Ah, to be the hero of half-empty small town bars, or to fight for attention in mid-time music halls? It’s the age-old question: is it better to be the big fish in the little pond or the other way around?
People make a lot of assumptions about us when we walk into a room. Some of it is the equivalent of locker-room verification – checking out and comparing the equipment. We carry nice gig bags, and a hand drum in a case, which is a rarity at most open mics.
When we unzip, people make judgments about us. Everyone does it. Nothing about us is flashy, but we look prepared. Prepared and traveled. I think of Takamines as the Saturn cars of the guitar world – Popular with the middle class, sensible, gets good mileage and handles well in all kinds of weather. And though the instrument does not always make the man, there is an assumption that people with good gear are good enough to know good gear, and then good enough to play it. This said, there is gear that everyone knows is good and buy as much for sound as status. These days, if somebody is playing a Taylor , about the only thing that suggests is that they could afford it.
Squires usually set off alarm bells in my head. Someone in here tonight has a Wal-Mart electric guitar that they picked up second-hand at a pawn shop. I am not sure if I should be afraid.
In bars like this, we know what to play. We know what compliments we will elicit. And we know that we will walk away with a couple dollars at best, a booking offer if the place regularly features music, but little else. It’s a quick fix, and the high wears off fast. But, if you get too egotistical and decide that places like this are beneath you, you will fight for people to give a damn somewhere else. The rewards might be bigger there, the compliments of greater weight, the CD sales more lucrative, but they might also go to the other guy that night who was just that little bit better than us. And how do we feel about ourselves then?
I can’t write places like this off, no matter how many of them frustrate me and make me question my choices and my gas mileage.
I’ve coined an expression for nights like that. I call it “wearing the sequin dress to the baseball game.” That is when you feel like whipping out all the stops seems not only like overdoing it, but inappropriate. Last night, was the opposite. Whipping out all the stops was the right thing to do, the goal to be the “stand-out performer” part of the deal … and yet this time we somehow got punished for it.
While at Godfrey Daniels in Bethlehem for the open mic there a couple nights ago, one of the volunteers there suggested that, since we were to be in Philadelphia anyway, we should head to the World Cafe. It’s a radio thing, but apparently they opened up a music venue. A competition like Eddie’s Attic, the staff of the place picks who advances. We figured this was a great way to meet some new people in Phillie and start making the most of a city we had not really taken full advantage of.

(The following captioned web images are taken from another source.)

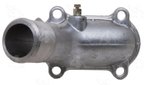 Four Seasons 85222 Engine Coolant Water Outlet - view 5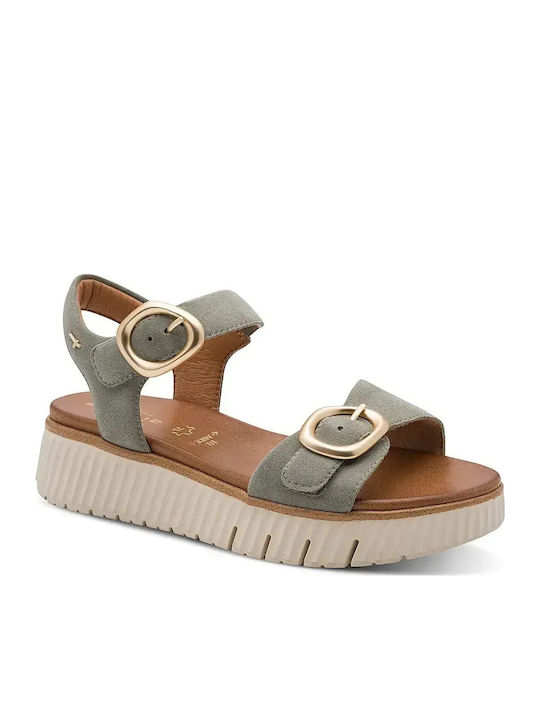 Women's Sandals Green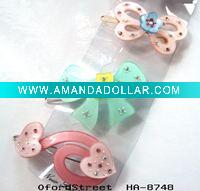 Wholesale 2011 fashion hair clip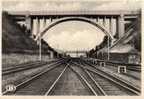 Le Viaduc De Mont Saint Guibert - Mont-Saint-Guibert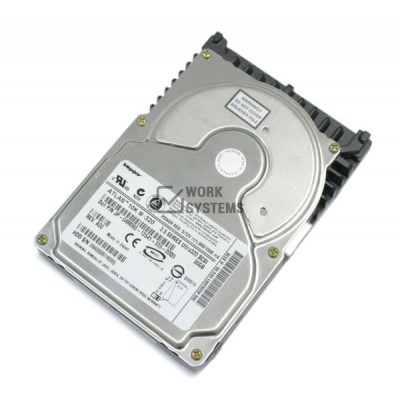Жесткий диск Maxtor KU36J4 36Gb  U320SCSI 3.5" HDD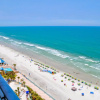 Отель Ocean Walk Resort 1709 Spectacular Ocean Front Views Private Balcony, фото 13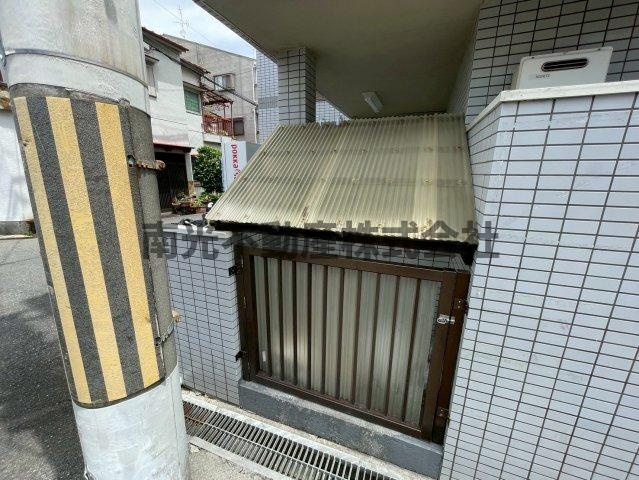 エクセルコートのその他共用部分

Any open mic at which you spend 6 hours is sort of difficult. So we go last night, showing up at the appointed hour of 5pm to wait in line for the 6pm sign-up, and we are the 7th in line. By the time they let us in, there are 15-20. We somehow wind up going 16th.
I always find myself looking around at moments like that and try and figure out who is going to be good. What they are going to sound like. I am almost NEVER right, which I guess should put to rest some of my own fears about looking the part. Although, there are some that look SO much the part and are the art that it is completely infused throughout their look and personality. There were a couple of those – a guy with crazy hair in big beads and a red hawaiian shirt. Everyone who was artfully disheveled it seems, turned out to be good. The venue itself was gorgeous … definitely not the baseball game. There was even a piano on which to writhe in the sequin dress you would have been totally right to wear there.
So the night crawled forward … As they were about to announce the winner at the end of the night, 11:30 or so, the bar manager came up to me and said we were the hands-down favorites. Everyone had voted our way.
But then they figured since we were a touring act we would not be able to make a date so soon and would likely be in parts elsewhere, so they picked someone else. It’s totally what we could’ve used – a built-in audience in a place we’ve got no draw.
I told the woman I wished she would have asked us, because we could have made the date. But she said they wanted to offer us a gig, and so they figured that was how we would “win.” I told her we don’t have much in the way of a huge following in Philadelphia, so it would have to be an opening act. I thanked her.
UGH! Too professional to win! If only they knew how many nights of our lives were spent in open mics. The gig is fine, but to be honest, a stair-step competition might be better for us seeing more and different kinds of audiences instead of trying ot pull numbers at a gig. They said if we came back another month, we would most certainly win and could go through the contest that way if we liked. They loved us. I think that was what was so frustrating. I wanted to tell them that we are not as well off as they think. But then again, I don’t want to tell people that.
Long night for the utmost in musical blueballs. Damn that slutty sequin dress and all its promise.
2 thoughts on “November 12-15, 2005”
I think y’all would be a hit at Godfrey Daniels. Have you been back?
Not recently. We’ve played Musikfest up there a couple of times but have never quite landed a Godfrey Daniel’s booking! I agree though, we’d be perfect!